Not many have Bhutan in their travel list. Most have Paris, London, Santorini, Tokyo…but only a few are aware of the beauty that awaits them in the Land of the Thunder Dragon. It’s a shame really. I wish more people knew how this extraordinary little kingdom in the Himalayas can give them the most enriching travel experience ever. At least, that’s how I felt. Out of all the countries I’ve been to, none has impacted me as much as Bhutan.
First things first, how does one get to Bhutan? All tourists (excluding Indian, Bangladeshi and Maldivian passport holders) are required to obtain a visa and book their holiday through a Bhutanese tour operator or one of their international partners. This is in keeping with the Kingdom of Bhutan’s “High Value, Low Impact Tourism” policy to ensure that the country’s unique society, culture and environment are preserved. This means only a limited number of tourists enter the country at any one time, preventing Bhutan from being overwhelmed by mass tourism and thus altering its character–which in my opinion, is the reason why I fell so in love with the country in the first place. Never have I seen a stronger sense of tradition and culture so carefully preserved and appreciated in the modern times. No tourist traps here, just genuine experiences.

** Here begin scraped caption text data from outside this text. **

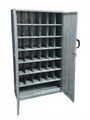 Дигрус Шкаф ШПГ-36 для противогазов 36 ячеек ShPG-36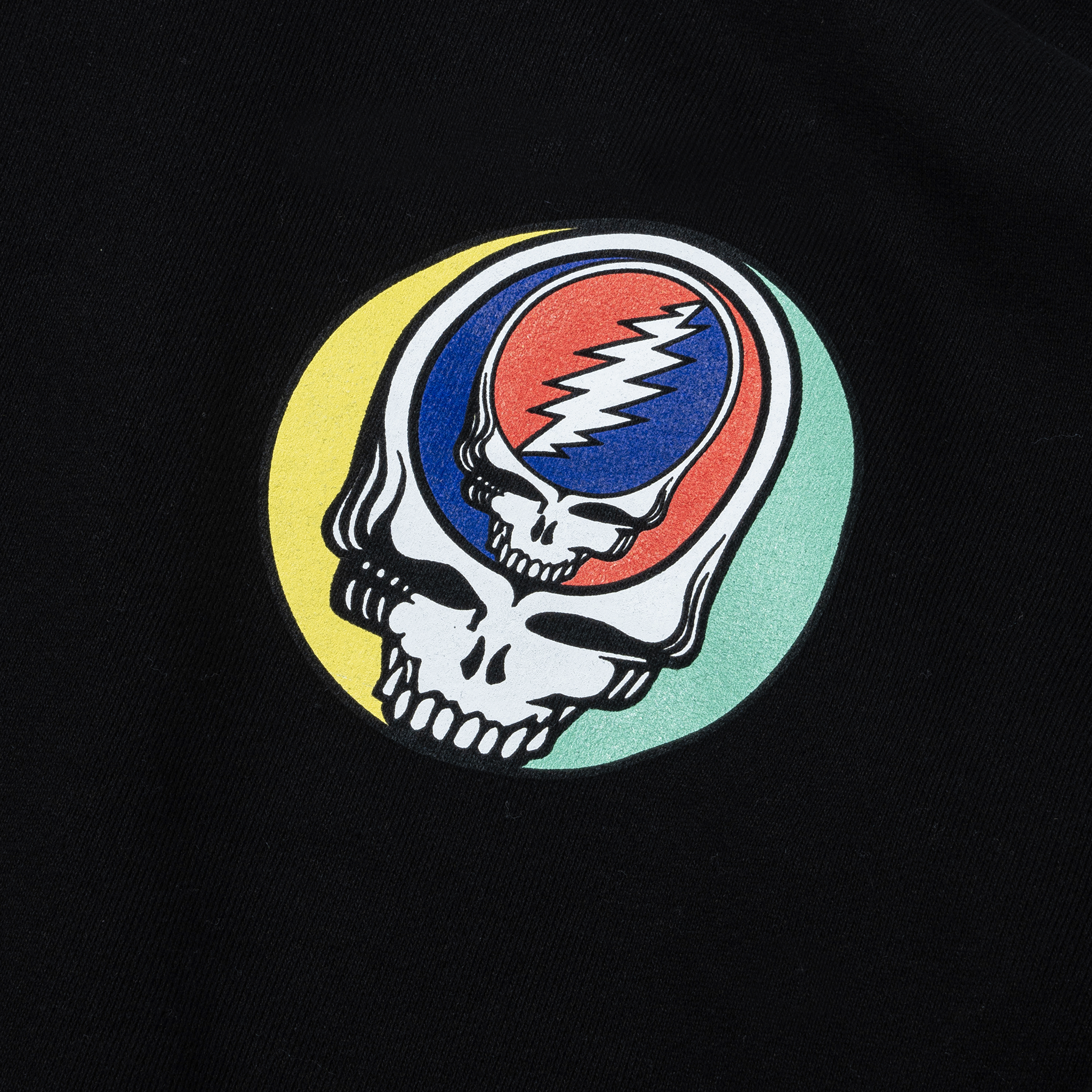 GRATEFUL DEAD SOLAR FLARE HOODIE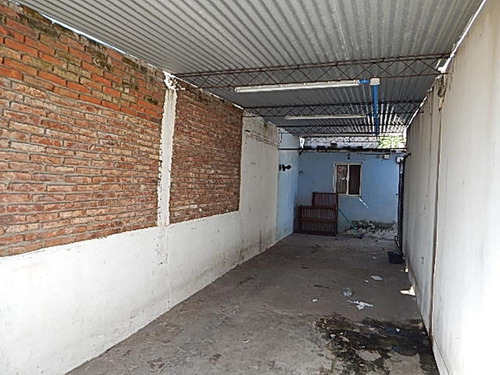 Imagen 11 de 11 de Son 2 Casas Y Un Monoambiente En Padrón Único En Sayago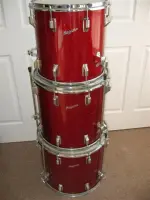 Rogers WMP Stand up Cocktail Drum.????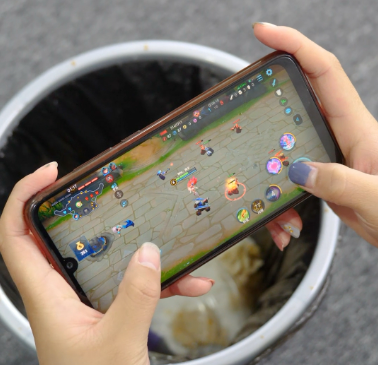 五大赚钱小游戏分享：一天可提60以上微信秒到！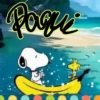 Snoopy💞2🇵🇪Movi 18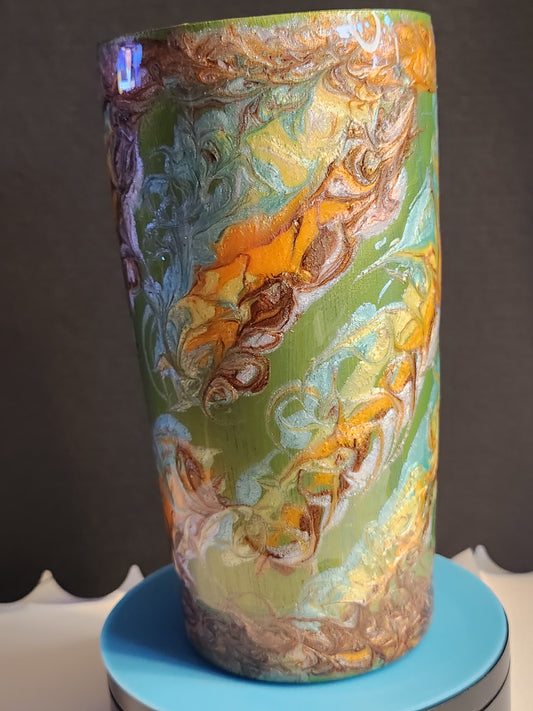 20oz. Stainless Steel Tumbler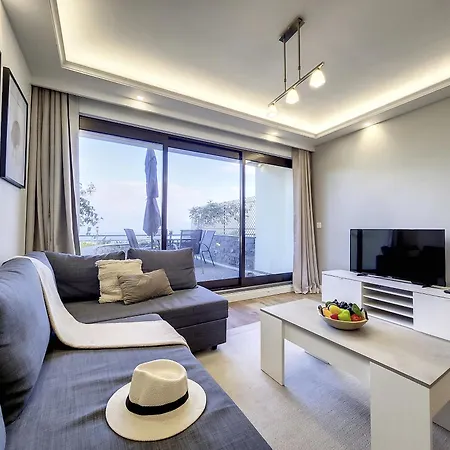 Duplex Ocean View By Atlantic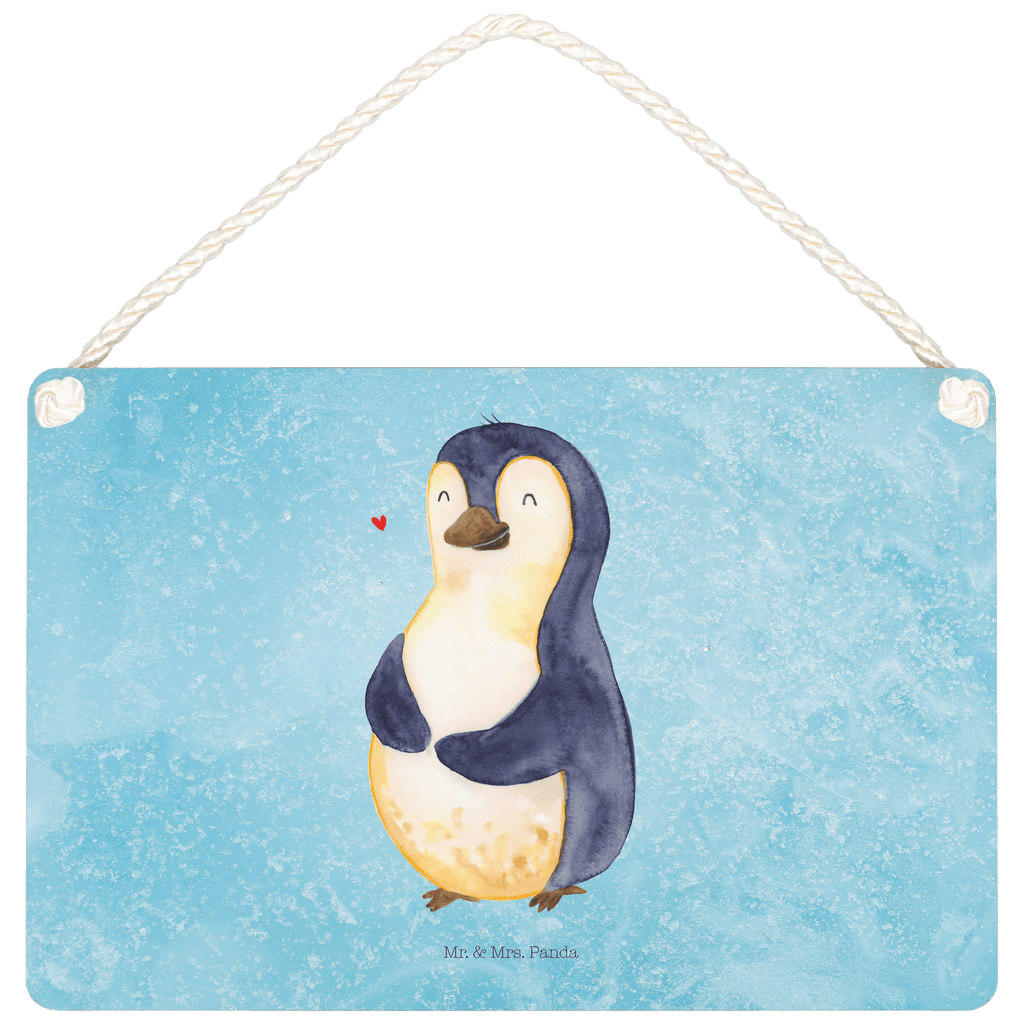 Deko Schild Pinguin Diät Dekoschild, Deko Schild, Schild, Tür Schild, Türschild, Holzschild, Wandschild, Wanddeko, Pinguin, Pinguine, Diät, Abnehmen, Abspecken, Gewicht, Motivation, Selbstliebe, Körperliebe, Selbstrespekt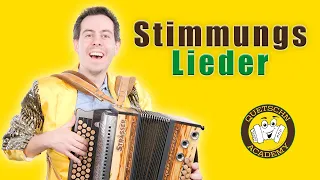 Stimmungslieder - Steirische Harmonika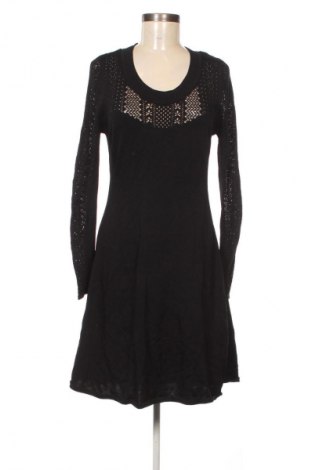 Šaty  H&M, Veľkosť L, Farba Čierna, Cena  8,95 €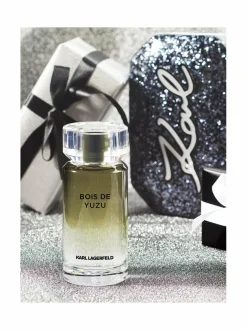 Les Matieres Bois de Yuzu EdT -tuoksu 50 ml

Prior to this trip, my sister and I did a lot of research as to which tour company we should go with. We finally decided on Amala Destinations, primarily because of all the good reviews we’ve read about them and the accommodating bespoke services they offer. Amala arranged a flexible 8-day itinerary for us that covered Thimphu, Paro, Phobijkha and Punakha, making sure all the sights and experiences we want included were accommodated and the stops we weren’t quite interested in were taken out. They then sent us a list of travel essentials and what to expect in Bhutan, our final itinerary and all our booked flights and hotels. We were all set!
After an overnight stay in Bangkok, off we went to Bhutan aboard Bhutan’s official royal airline, Drukair. And boy was our trip off to a good start! Just 2 rows before us sat one of the kingdom’s Queen Mothers, her daughter and her grandson. We didn’t realize at first that they were royalty but then we noticed how almost all the passengers passing them greeted and bowed to them so we put two and two together and boom! ALERT! ALERT! WE ARE IN THE PRESENCE OF ROYALTY. And so like a true tourist, I badly wanted to take a photo with the Queen Mother. I didn’t know if it was appropriate or not though so I decided to just watch from afar, like a creepy stalker. (I later found out that the Royal Family are actually super accommodating with these things. Sigh. Enter dark cloud of regret.)

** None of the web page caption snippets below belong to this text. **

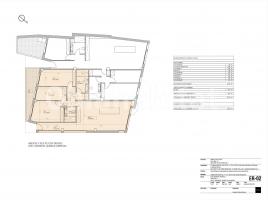 Pis, 118.91 m², prop de bus i tren, nou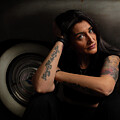 Model by Alan Moore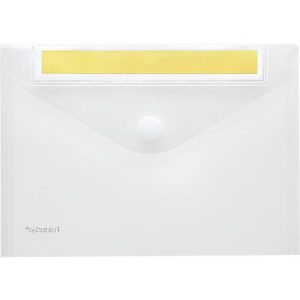 FolderSys Dokumententasche, A5 quer, 10 St.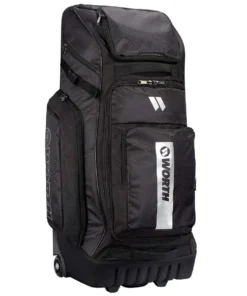 Worth Pro Slowpitch Wheeled Roller Bag: WBA005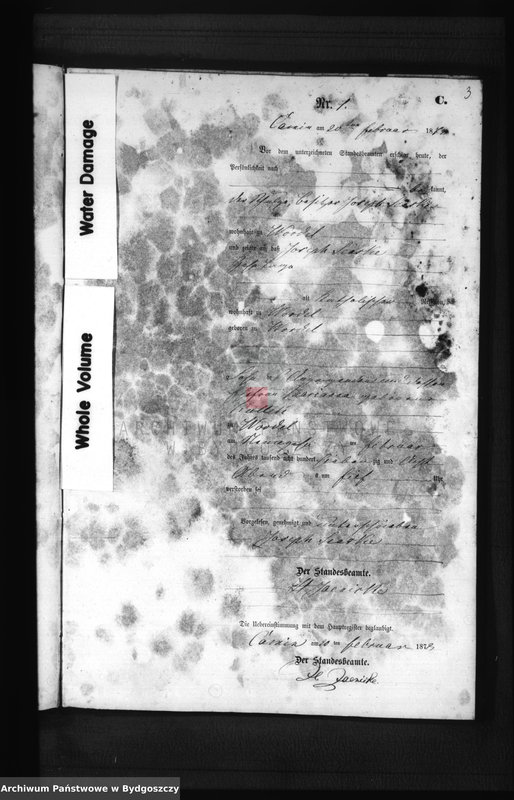 image.from.unit.number "Akta zgonów - pierwopis 1-27"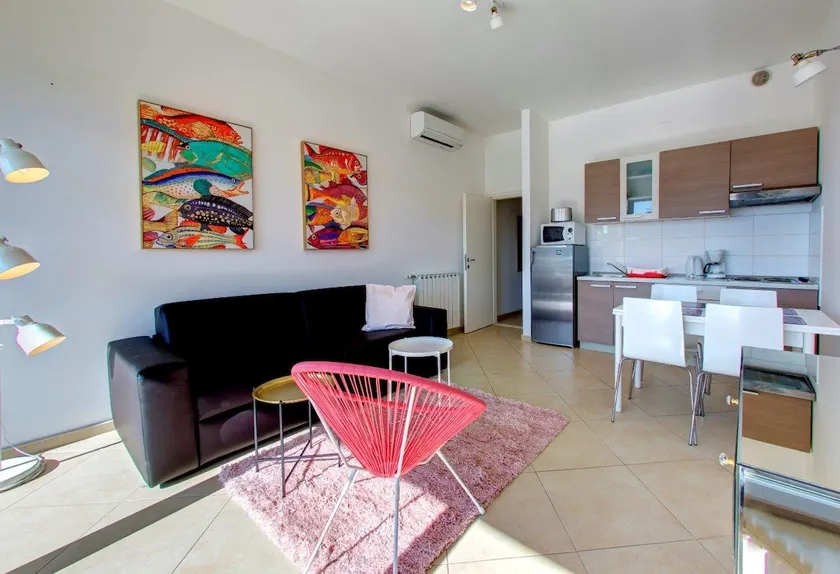Villa Katarina 2nd Floor Apartments - Image 1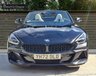 USED 2022 72 BMW Z4 3.0 M40i Convertible 2dr Petrol Auto sDrive Euro 6 (s/s) (340 ps) EXCELLENT SPEC
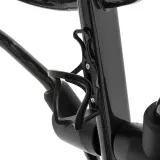 Spirit XE295 Black Эллиптический тренажер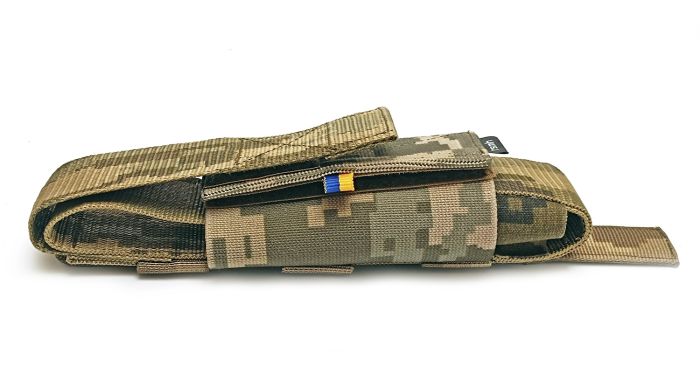 Тримач турнікета ДваРухи RSMH піксель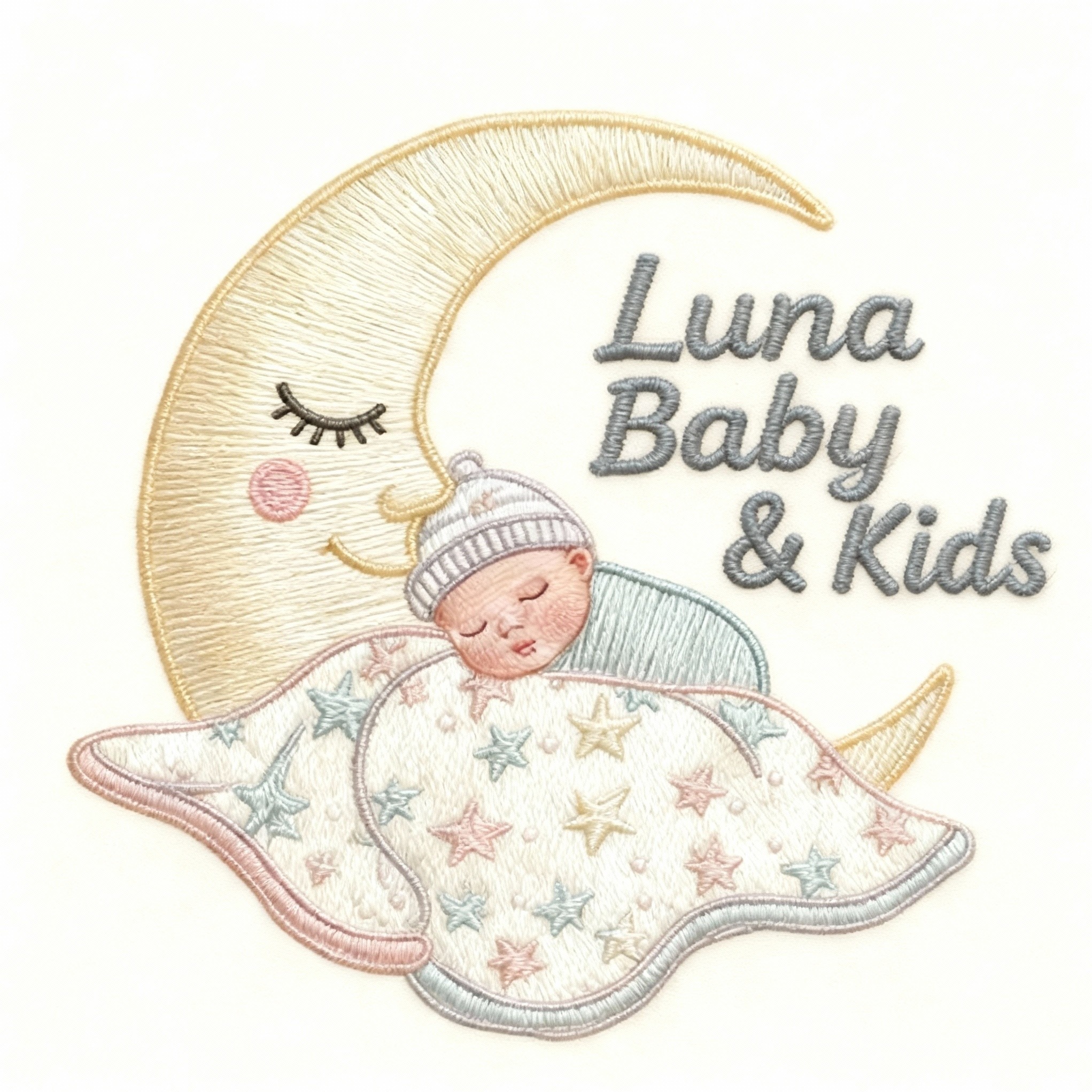 Luna Baby & Kids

Mid-flight, I managed to take my attention away from the Royal Family for a few minutes to look for the Himalayan mountains and possibly, Mount Everest. Amala Destinations told us we’d be flying over Mt. Everest on this flight so we strategically had ourselves seated on the left side of the plane. If you follow me on Instagram, you’d know our strategy was indeed successful. I was able to snap lots of photos of the snow-covered Mt Everest. (See my Instagram photo here. I’ll also post videos on my Facebook page in case you want to see more.)

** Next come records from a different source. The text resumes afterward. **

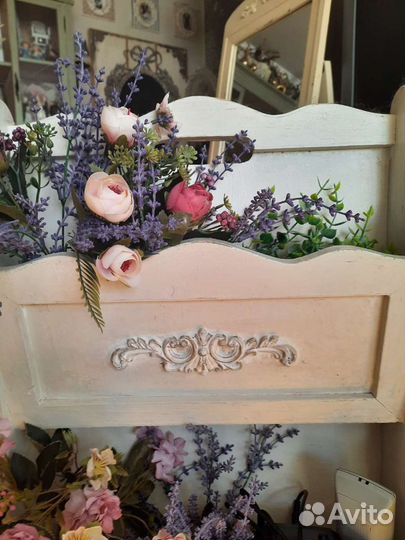 Газетница подставка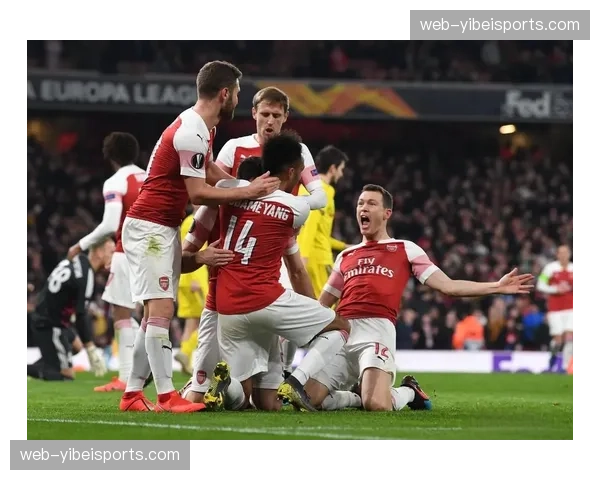阿森纳终结对德国球队淘汰赛魔咒,心理层面突破意义重大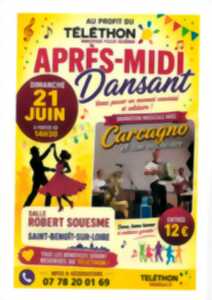 photo Après-midi dansant
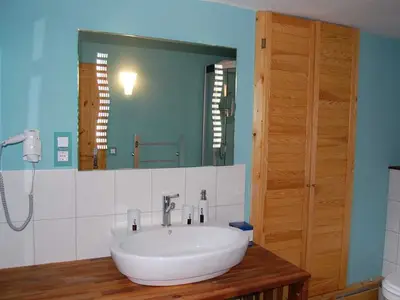 Ferienwohnung für 3 Personen (50 m²) in Schmatzin 10/10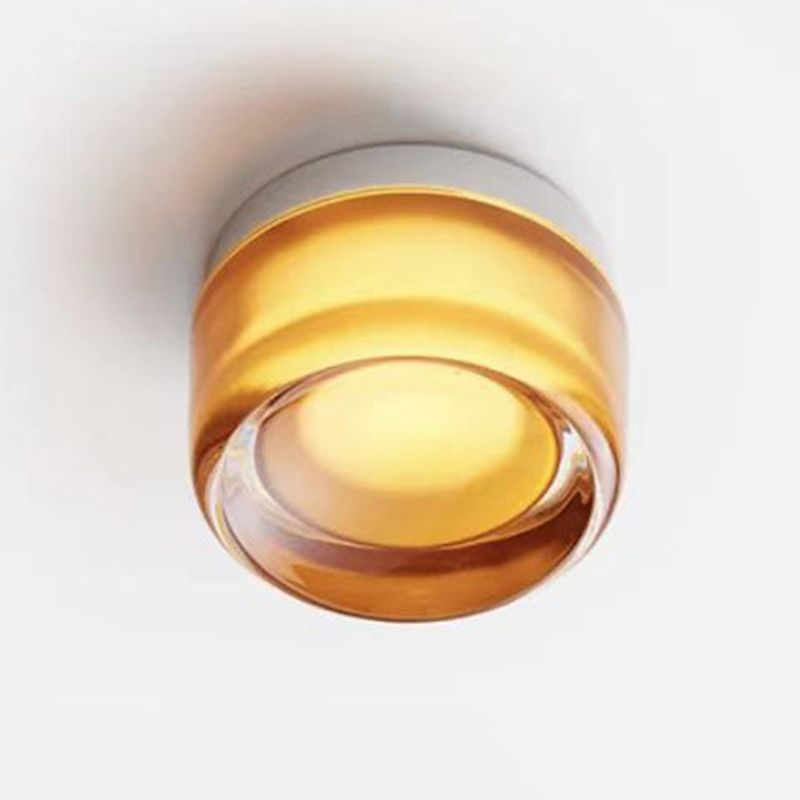 Modern Wall Lamp Simple LED Wall Vanity Lights for Powder Room Washroom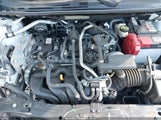 Nissan Sentra Sv Xtronic Cvt 3N1AB8CV2MY205564 снимка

With so much going on in our flight, our four-hour flight felt like a quick two hours. Before we knew it, we have already landed. The red carpet was being rolled out for the Royal Family (the video of which I’ll post on my Facebook page as well) and we were finally in the Kingdom of Bhutan! Weeee!
Our guide Mani together with our driver was already waiting for us at the airport. We wasted no time and immediately made our way to the capital of Bhutan, Thimphu. But not before passing by the Iron Chain Bridge and Tachog Lhakhang Dzong. I’ve always wanted to take photos on this famous bridge. It’s one of the many bridges made by Thangtong Gyalpo in the 14th century, made entirely of iron and chain links. Most of these bridges, much like this one, are still in use up to this day. Imagine how sturdy they must be! Of course we had to test it for ourselves too.
Mani was the first one to cross the bridge. He made it look so easy! When it was my turn, I was terrified! It felt like I was on a trampoline! Plus looking down and seeing the river underneath the iron chain links made me feel a bit dizzy. But I eventually gained my balance. Whew! What an experience!
By the time we got to Thimphu, first thing I saw was the iconic white-gloved policeman directing traffic in the middle of the city’s busiest intersection. Apparently, traffic lights were deemed too impersonal so the government decided to place a police station there to direct traffic. Little did they know it’ll become one of the most photographed curiosities in Bhutan. Being the tourist that I am, I quickly snapped my own photos of the policeman as well. Achievement unlocked.
We then made our way to Tashichoe Dzong, the kingdom’s main administrative and religious center that houses the largest monastery and the Throne Room of the King. Here I got my first taste of Bhutanese architecture: huge white-washed walls topped by red-and-gold, triple-tiered roofs. Everything was picture-perfect! I couldn’t stop posing at each and every door and window I saw. It was that beautiful. And to make our visit even better, we even witnessed the lowering of the flag ceremony. Unreal. I felt like I was transported to a different time. What a way to end our first day.